The research used data gathered from five separate studies conducted over three and a half years, from July 2016 until December 2020. In the first four studies, the team surveyed approximately 2 thousand participants. These participants are composed primarily of individuals who identified as heterosexuals and are predominantly white Christian Americans. For a culturally dominant religious group to hold such a perspective, the results were discomforting.
In the first study, the team found out that heterosexual white Christians subscribe to zero-sum bias (ZSB) more than any other group. Zero-Sum Bias or Zero-Sum Thinking is a situational perception where an individual thinks that one person's gains translate to a loss for the other person. "Many Christians have come to see themselves as being on the losing side of the culture wars," Clara Wilkins, the study's principal investigator, explained.

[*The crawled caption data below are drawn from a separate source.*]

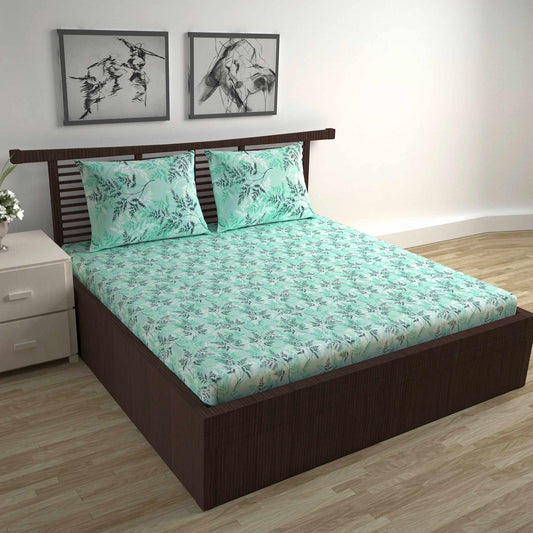 Lady Fern Floral 100% Cotton Bedsheet for Double Bed - Green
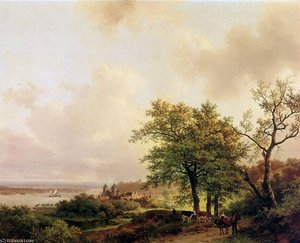 City At A River Sun — Hendrik Barend Koekkoek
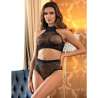 SUBBLIME H3499 BODYSTOCKING CONJUNTO DE REJILLA CON BRILLANTES NEGRO TALLA aNICA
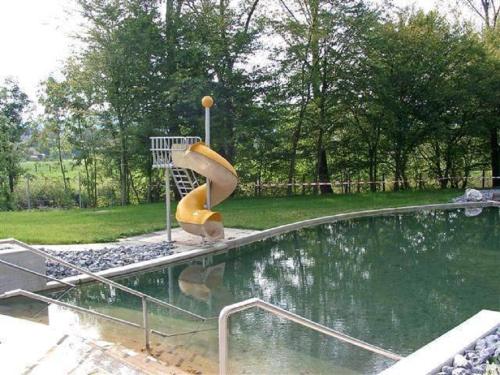 un tobogán en medio de una piscina de agua en Europapark C7 2-4p, en Lichtenau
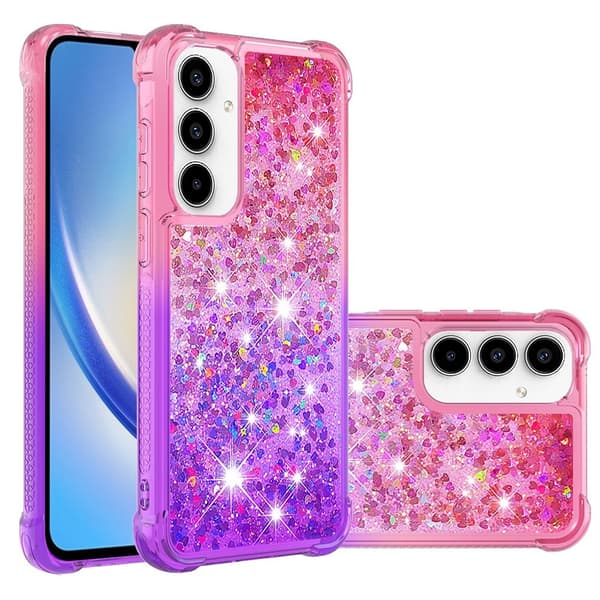 SKALO Samsung A36 5G Kviksand Glitter Cover - Pink-Lilla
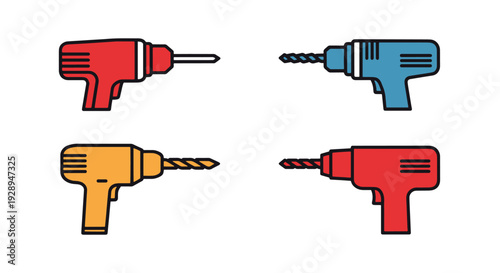 Drill Bits Line art modern abstract style illustration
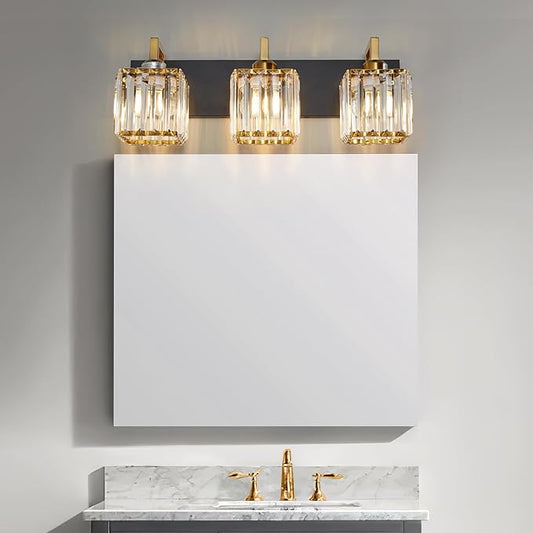 Modern Bathroom Vanity Light 3-Lights Black Gold Crystal Wall Lamp Bathroom Modern Crystal Vanity Lighting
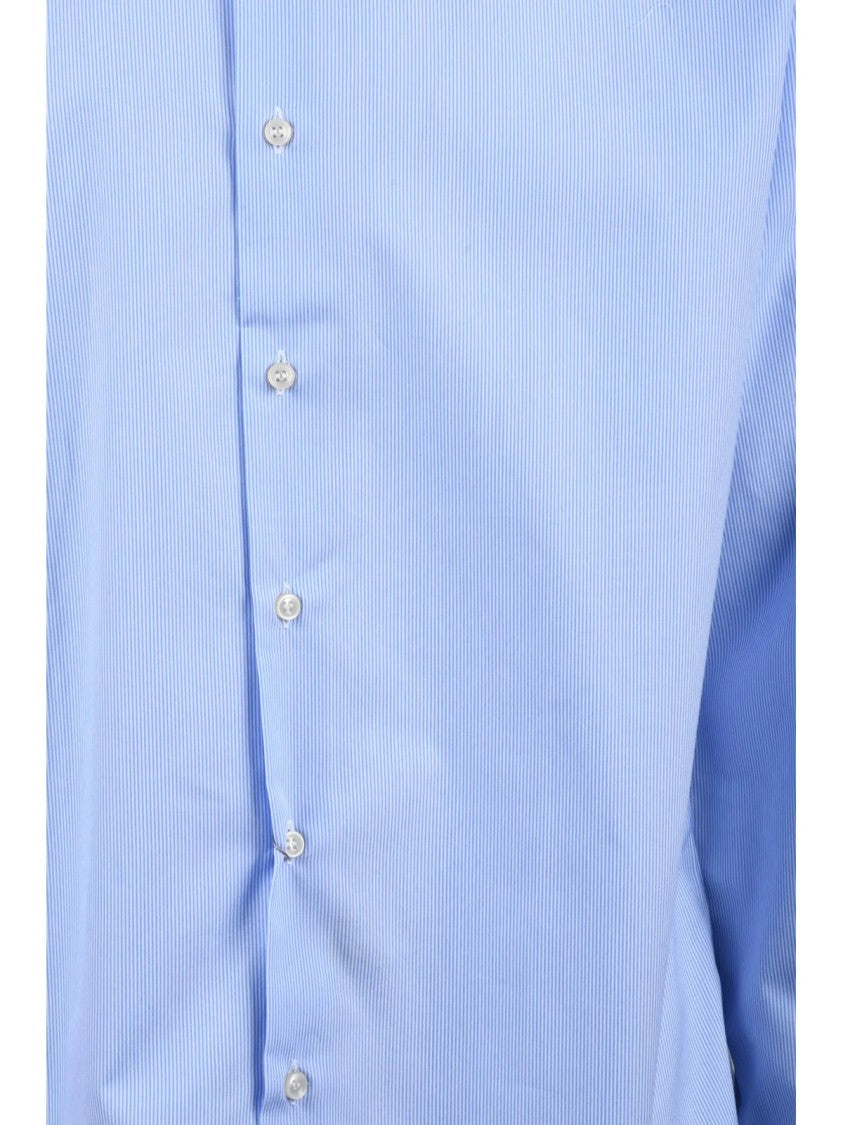 Ambrosio Light Blue Classic Linen-Blend Shirt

She added that since most White Christian Americans see Christianity as an integral feature of American culture, this puts them at odds with the LGBTQ+ community they see as "having increasing social influence."

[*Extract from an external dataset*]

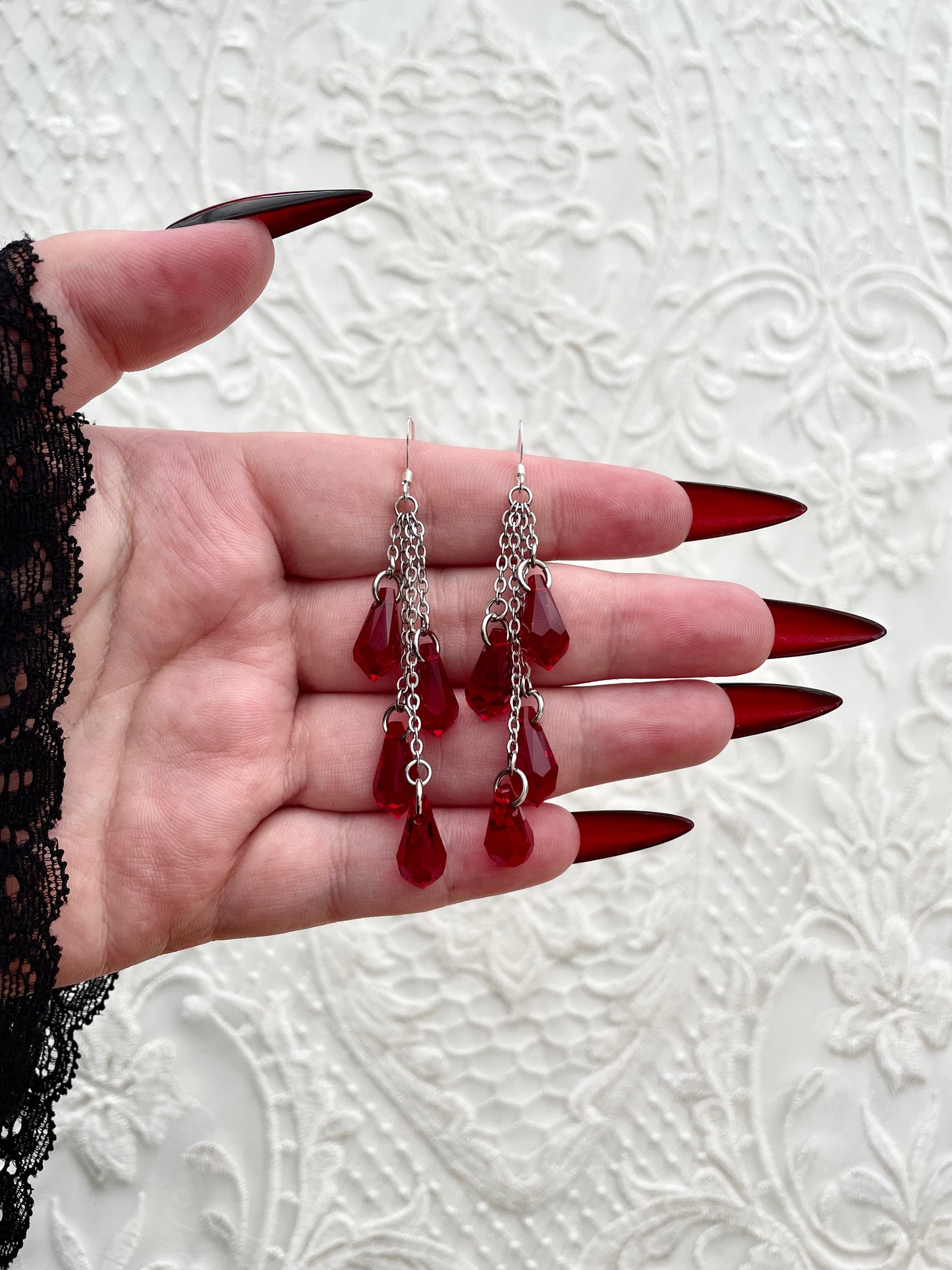 'Bloodlust' Earrings - Red Droplet Earrings - Silver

In the second study, the team's findings turned from bad to worse. They asked participants to reflect on specific bible verses that promote acceptance. Their tendency to subscribe to ZSB increased; this led the researchers to conclude that intergroup conflict is an innate feature of Christian teachings. The third study also yielded results that compounded the findings in the second study. The perception of a possible conflict increased after Fundamentalist Christians read and reflected on bible verses that promote inter-cultural acceptance during the fourth study. Surprisingly, the opposite results happened for most of the mainstream Christians that were part of the respondents.

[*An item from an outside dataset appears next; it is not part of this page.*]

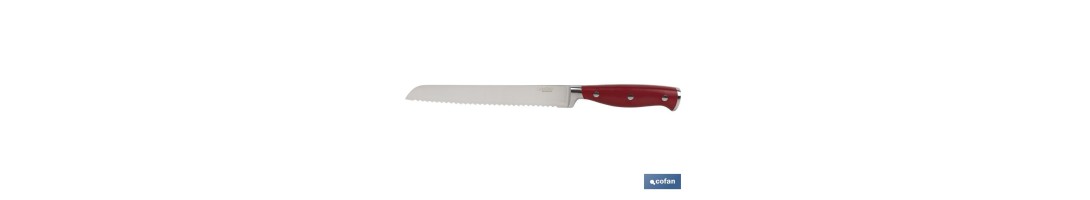 Cuchillo Panero con forjado francés | En Color Rojo | Medida de la hoja de 21 cm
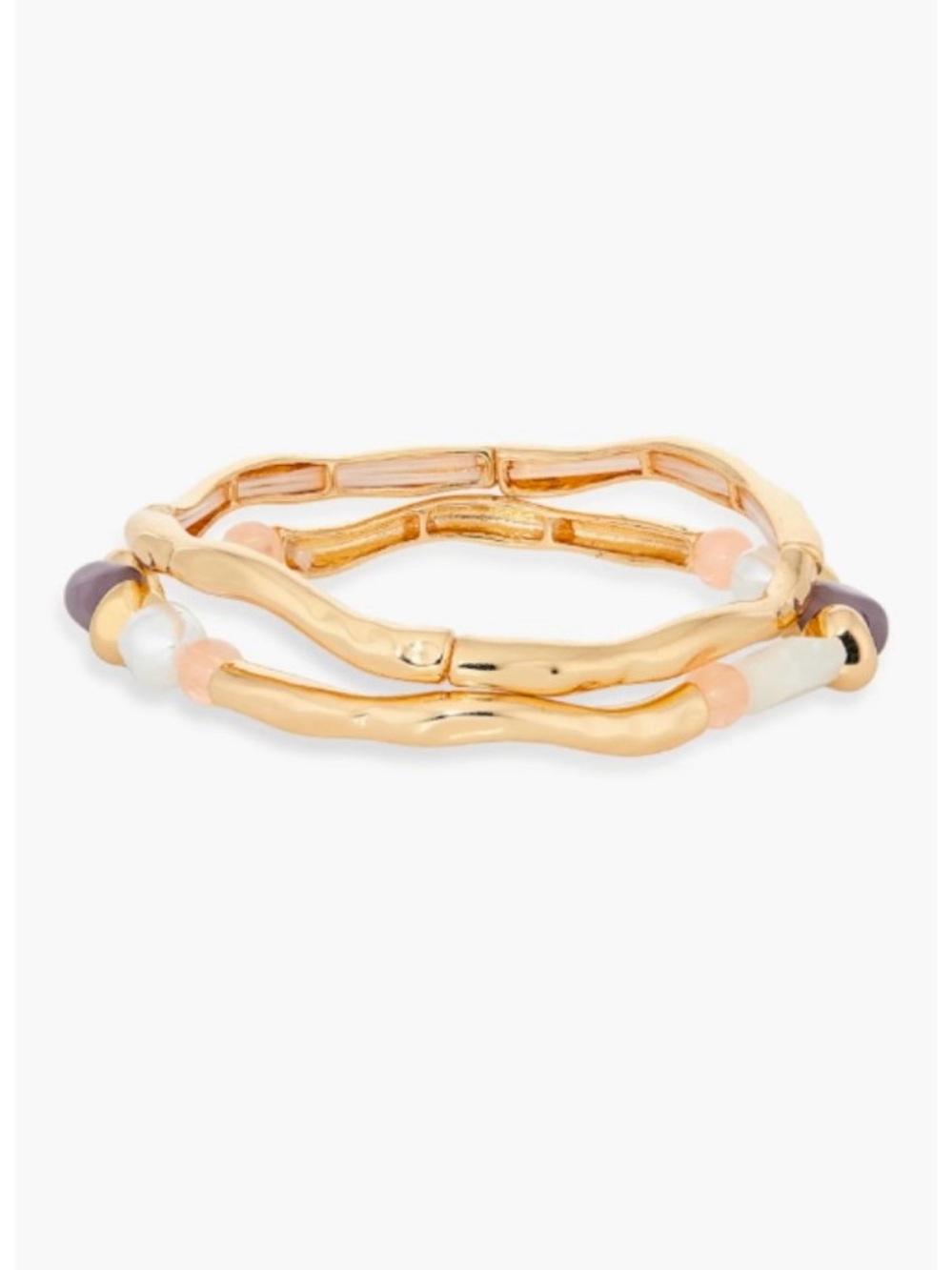 NWOT Nordstrom Rack Set of 2 Faux Pearl Beaded Molten Stretch Bracelets MRSP $49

The fifth study focused on ZSB's implications towards sexual discrimination, especially for the LGBTQ+ community. The team of researchers interviewed members of the United Methodist Church in the United States who just recently voted to support limiting their LGBTQ+ members from serving as clergy, despite the UK's United Methodist Church voting to allow for same-sex marriage.
Nevertheless, the team was able to provide a positive conclusion to a string of worrisome findings. They were able to identify that church leadership can use their influence over their followers to help facilitate intercultural acceptance. "We found this take-away very interesting, (we) found that biblical faith can also lead to broad civic acceptance," said Lerone Martin, one of the authors and co-principal investigators of the study.